**** Data provided

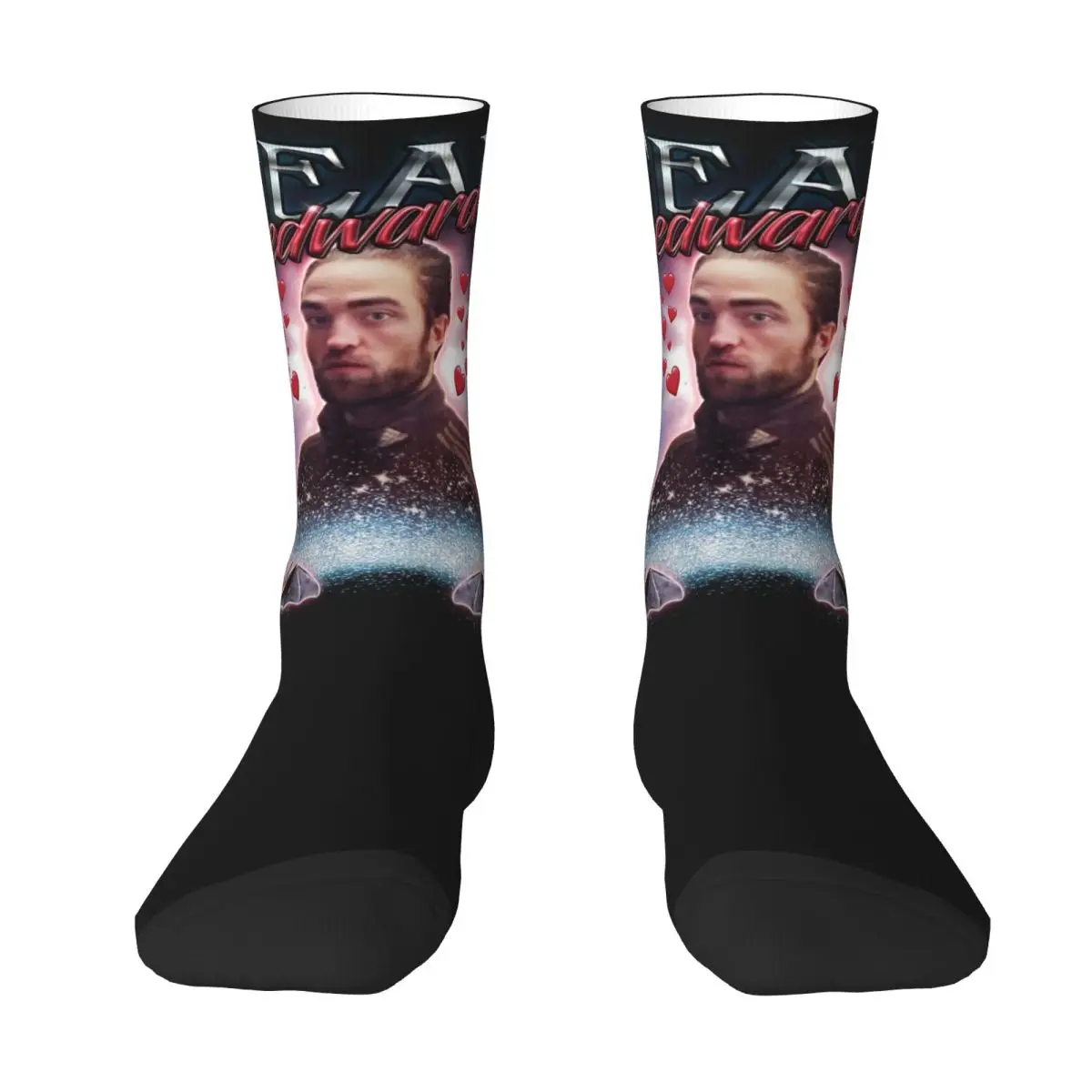 Team Edward Twilight Cursed Socks Movie Harajuku Stockings Winter Anti Bacterial Unisex Men Socks Soft Breathable Climbing Socks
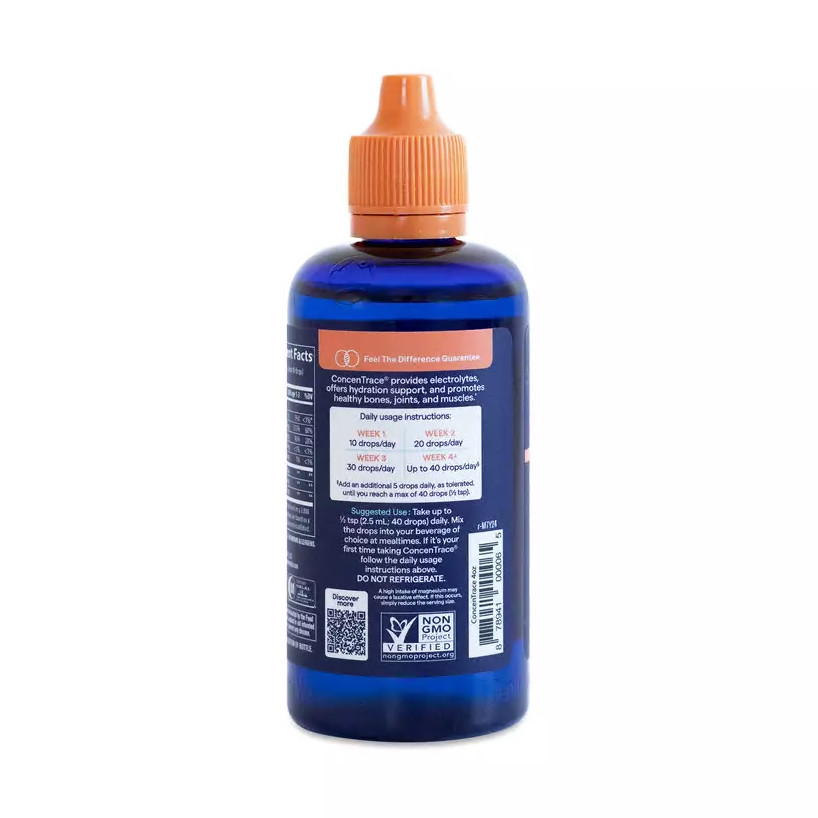 Trace Mineral ConcenTrace Mineral Drops Healthy Cells Energy 4 oz Exp 2027+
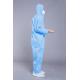 Antibacterial PP Non Woven 35g Disposable Work Coveralls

********

▸ Your task:
Give the listing again exactly, minus its images.

▸ Response to this exercise:
 Team Edward Twilight Cursed Socks Movie Harajuku Stockings Winter Anti Bacterial Unisex Men Socks Soft Breathable Climbing Socks
 Trace Mineral ConcenTrace Mineral Drops Healthy Cells Energy 4 oz Exp 2027+
 Antibacterial PP Non Woven 35g Disposable Work Coveralls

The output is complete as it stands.